Instructions to follow - Before copying, find the line below that contains "Silver regimental table"; then return it and all later lines exactly, up to and including the final line, with no pictures.

Data -
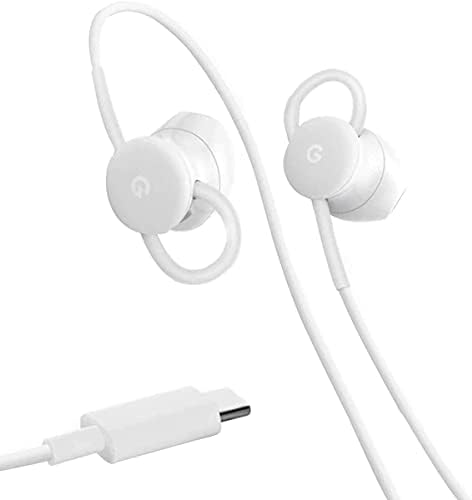 Pixel Telefonlar için Google Earbuds USB-C Kablolu Dijital Kulaklık Tip-C-Mikrofon ve Ses Kontrolü-Beyaz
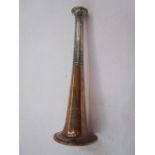 Silver regimental table lighter in the shape of a horn, engraved, presented to HQ Mess R.A.S.C by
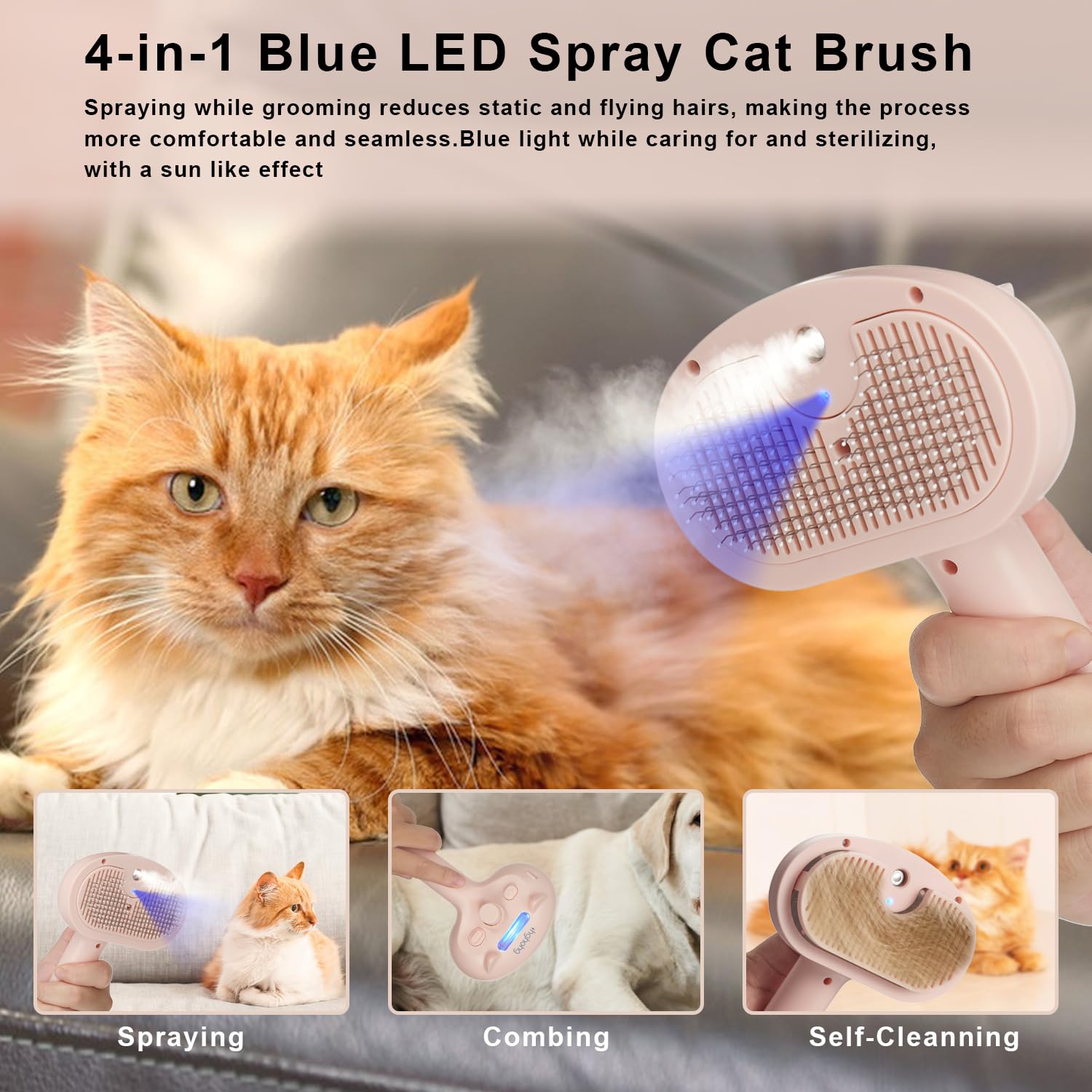 Pet Steam Hair Comb Brush For Shedding, 4 In 1 Spray Brush For Long & Short Haired Cat&Dog, Self-Cleaning Hair Remover With Wate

Output for this exercise -
 Silver regimental table lighter in the shape of a horn, engraved, presented to HQ Mess R.A.S.C by
 Pet Steam Hair Comb Brush For Shedding, 4 In 1 Spray Brush For Long & Short Haired Cat&Dog, Self-Cleaning Hair Remover With Wate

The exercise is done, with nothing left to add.